Prime Minister Sigmundur Davíð Gunnlaugsson found some Beatles and Led Zeppelin at Sorpa, but taking them home was apparently against the law.
RÚV reports that waste management company Sorpa reported that Icelanders are throwing away more household goods than they have since before the bank crash. Employees at Sorpa said it “reminded them uncomfortably of 2007”.
The Prime Minister shared the news story, commenting that he recently found a collection of vinyl records from the Beatles and Led Zeppelin. “Remember that consumption is important,” Sigmundur Davíð added. “It is an economic matter, a cultural matter, and an environmental matter.”

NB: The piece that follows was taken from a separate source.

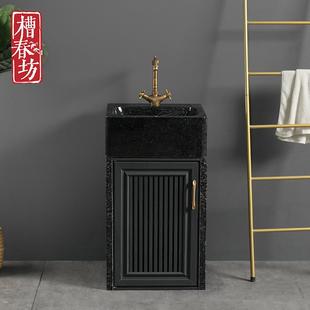 槽春坊 洗手盆柜门户外庭院立柱盆水池 石头洗手台 家用阳台落地式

The story was picked up by local media, who poked gentle fun at the Prime Minister for his dumpster diving. Morgunblaðið published a cartoon depiction, showing the Prime Minister standing in a dumpster holding the Beatles’ Help aloft, saying to a nearby sanitation worker, “You don’t always find what you’re looking for, Guðmundur, but sometimes you find what you need most.”
Sorpa later commented on the story, pointing out that it is actually against the law to take things from the garbage of business establishments. Sorpa graciously added, “In this instance that Sigmundur points to, a human error is at work.”
Alert reporters contacted one of the Prime Minister’s assistants, Jóhannes Þór Skúlasson, to ask whether the vinyl had been returned. “Found them but left them behind,” replied the assistant, implying that when the Prime Minister said he “found” the albums, that what he meant was he saw them in the garbage but let them be.
Neither the Prime Minister nor Sorpa have commented further on the story.